Constant Time Updates in Hierarchical Heavy Hitters

TL;DR

This paper introduces a randomized constant time algorithm for hierarchical heavy hitters detection, significantly reducing processing overhead while maintaining accuracy, and demonstrates its high performance in real-world network environments.

Contribution

The paper presents the first randomized constant time algorithm for hierarchical heavy hitters detection, enabling faster processing with comparable accuracy to existing methods.

Findings

Achieves up to 62 times faster processing than previous algorithms.

Handles 13.8 million packets per second in Open vSwitch.

Maintains accuracy and recall comparable to prior algorithms.

Abstract

Monitoring tasks, such as anomaly and DDoS detection, require identifying frequent flow aggregates based on common IP prefixes.
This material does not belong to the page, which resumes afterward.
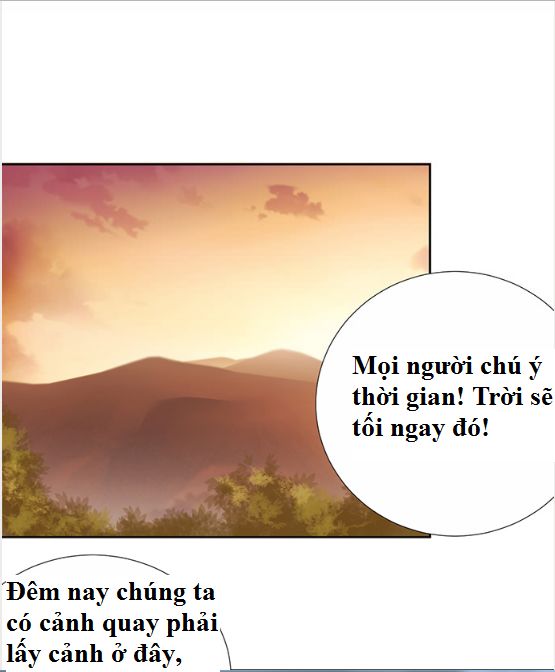 Trọng Sinh Để Ngủ Với Ảnh Đế Chapter 180 - Trang 2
These are known as \emph{hierarchical heavy hitters} (HHH), where the hierarchy is determined based on the type of prefixes of interest in a given application. The per packet complexity of existing HHH algorithms is proportional to the size of the hierarchy, imposing significant overheads. In this paper, we propose a randomized constant time algorithm for HHH. We prove probabilistic precision bounds backed by an empirical evaluation. Using four real Internet packet traces, we demonstrate that our algorithm indeed obtains comparable accuracy and recall as previous works, while running up to 62 times faster. Finally, we extended Open vSwitch (OVS) with our algorithm and showed it is able to handle 13.8 million packets per second. In contrast, incorporating previous works in OVS only obtained 2.5 times lower throughput.